3.3.2 How to support storage of more types of data
Storing more different types of data is relatively easy in this framework. There are basically two alternatives of extending the storage capabilities:
In the first alternative, you may want to support another application (e.g. like Palm's "Expenses"). You would have to define a new create method in PIMFactory and in it's derived classes. Since you will probably only want to support one platform (e.g. Palm) at the moment, you can extend other PIMFactories by creating methods, that simply throw NotSupportedByDeviceExceptions. You should then create interfaces for books and records, as well as a device-independent class for fields. Please consider the portability when designing these interfaces and classes, since they will be the base for implementations on other devices. When you're done, you'll have to implement the device specific classes that implement the interfaces you defined.
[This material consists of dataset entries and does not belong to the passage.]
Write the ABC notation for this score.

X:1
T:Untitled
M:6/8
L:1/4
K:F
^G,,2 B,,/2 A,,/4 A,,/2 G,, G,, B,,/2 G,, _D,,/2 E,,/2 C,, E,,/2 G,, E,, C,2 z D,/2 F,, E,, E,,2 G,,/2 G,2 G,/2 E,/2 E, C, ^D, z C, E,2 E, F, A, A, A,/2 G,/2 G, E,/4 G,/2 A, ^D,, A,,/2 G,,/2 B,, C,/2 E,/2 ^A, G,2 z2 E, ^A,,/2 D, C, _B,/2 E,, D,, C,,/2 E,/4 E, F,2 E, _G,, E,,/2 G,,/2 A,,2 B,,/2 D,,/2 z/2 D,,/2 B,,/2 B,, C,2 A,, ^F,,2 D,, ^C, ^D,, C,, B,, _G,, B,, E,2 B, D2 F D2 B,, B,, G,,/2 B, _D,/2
In the second alternative, you may want to support a data type that is not stored in an already supported application yet. If there was already a key for this data type, you will simply have to implement ways of writing it to and reading it from the desired device into the corresponding "Record" class. If there's no key, you will have to add the key, to the "Field" class and do the same. Existing applications will not be affected by this change, since they simply ignore fields with that key.
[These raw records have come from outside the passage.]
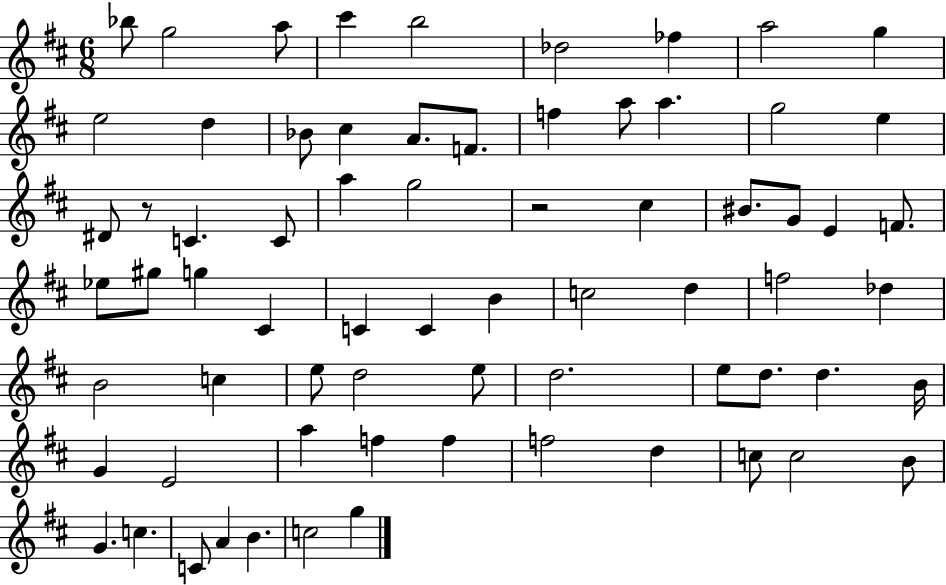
{
  \clef treble
  \numericTimeSignature
  \time 6/8
  \key d \major
  \repeat volta 2 { bes''8 g''2 a''8 | cis'''4 b''2 | des''2 fes''4 | a''2 g''4 | \break e''2 d''4 | bes'8 cis''4 a'8. f'8. | f''4 a''8 a''4. | g''2 e''4 | \break dis'8 r8 c'4. c'8 | a''4 g''2 | r2 cis''4 | bis'8. g'8 e'4 f'8. | \break ees''8 gis''8 g''4 cis'4 | c'4 c'4 b'4 | c''2 d''4 | f''2 des''4 | \break b'2 c''4 | e''8 d''2 e''8 | d''2. | e''8 d''8. d''4. b'16 | \break g'4 e'2 | a''4 f''4 f''4 | f''2 d''4 | c''8 c''2 b'8 | \break g'4. c''4. | c'8 a'4 b'4. | c''2 g''4 | } \bar "|."
}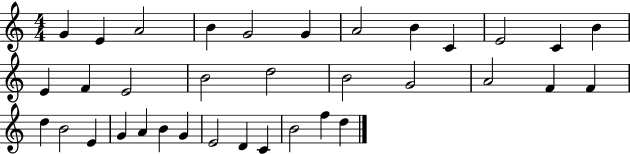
{
  \clef treble
  \numericTimeSignature
  \time 4/4
  \key c \major
  g'4 e'4 a'2 | b'4 g'2 g'4 | a'2 b'4 c'4 | e'2 c'4 b'4 | \break e'4 f'4 e'2 | b'2 d''2 | b'2 g'2 | a'2 f'4 f'4 | \break d''4 b'2 e'4 | g'4 a'4 b'4 g'4 | e'2 d'4 c'4 | b'2 f''4 d''4 | \break \bar "|."
}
4 Conclusion and Perspective
Concluding we can say, that the pimAL framework provides a good way to access PIM data on different platforms. It might be more complicated and more difficult to understand than a platform specific implementation, but this is the price for independence.
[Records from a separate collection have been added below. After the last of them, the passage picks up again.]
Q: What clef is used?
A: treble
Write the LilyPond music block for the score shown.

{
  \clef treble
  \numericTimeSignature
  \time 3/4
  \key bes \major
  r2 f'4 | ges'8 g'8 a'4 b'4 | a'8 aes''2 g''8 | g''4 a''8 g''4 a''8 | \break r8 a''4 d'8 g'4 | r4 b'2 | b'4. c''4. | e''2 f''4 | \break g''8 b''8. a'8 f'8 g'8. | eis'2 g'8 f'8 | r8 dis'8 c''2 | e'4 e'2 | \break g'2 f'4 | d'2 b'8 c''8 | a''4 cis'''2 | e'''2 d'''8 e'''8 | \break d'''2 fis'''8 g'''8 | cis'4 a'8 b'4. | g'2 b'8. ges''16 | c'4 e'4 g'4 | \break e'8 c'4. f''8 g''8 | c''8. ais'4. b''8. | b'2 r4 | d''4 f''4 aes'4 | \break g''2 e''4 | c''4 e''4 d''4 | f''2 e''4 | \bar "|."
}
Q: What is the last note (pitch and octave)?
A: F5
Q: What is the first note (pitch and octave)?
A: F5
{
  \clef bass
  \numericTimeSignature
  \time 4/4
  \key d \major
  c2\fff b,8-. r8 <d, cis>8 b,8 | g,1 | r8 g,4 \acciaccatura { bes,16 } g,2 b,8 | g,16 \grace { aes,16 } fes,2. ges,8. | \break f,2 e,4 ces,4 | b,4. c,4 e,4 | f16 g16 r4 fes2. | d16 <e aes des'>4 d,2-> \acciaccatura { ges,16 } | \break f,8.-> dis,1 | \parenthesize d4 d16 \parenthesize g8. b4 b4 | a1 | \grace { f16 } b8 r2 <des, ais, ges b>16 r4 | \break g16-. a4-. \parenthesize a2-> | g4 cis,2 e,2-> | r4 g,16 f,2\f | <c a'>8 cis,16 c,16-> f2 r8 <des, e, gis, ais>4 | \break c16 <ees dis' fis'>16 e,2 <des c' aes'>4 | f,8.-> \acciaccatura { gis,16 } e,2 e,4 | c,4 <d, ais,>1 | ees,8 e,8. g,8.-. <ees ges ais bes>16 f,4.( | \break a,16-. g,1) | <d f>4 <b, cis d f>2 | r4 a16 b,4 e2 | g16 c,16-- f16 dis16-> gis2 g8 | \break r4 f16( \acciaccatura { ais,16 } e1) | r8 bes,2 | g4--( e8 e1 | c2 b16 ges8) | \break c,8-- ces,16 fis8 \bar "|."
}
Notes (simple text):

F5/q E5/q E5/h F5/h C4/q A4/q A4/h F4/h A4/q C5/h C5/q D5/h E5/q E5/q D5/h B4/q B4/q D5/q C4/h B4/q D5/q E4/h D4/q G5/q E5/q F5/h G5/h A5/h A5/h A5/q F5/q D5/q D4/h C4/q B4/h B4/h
Although the pimAL framework covers most of the functionality of the supported platforms, we have to admit, that there are features of specific implementations that simply cannot be supported. Take search functionalities for example. Every platform offers different capabilities to search for records. The approach to take the maximum flexibility and to implement it on every platform is not realizable, because of some platforms lacking CPU power and data thruput. If you're developing an application that accesses PIM data on the device, you have to decide, if you want to use these features, or if you want to develop your software in a way that makes it more independent from changes or other platforms you haven't thought of initially. The pimAL framework provides a good basis for this.
Finally, we want to remind you of this software being part of the SuperWaba project and thus being free and open source software. There are still many improvements and features, that can be added and maybe also some bugs. We encourage you to fix or at least report bugs and to send in any improvements or proposals you have for pimAL.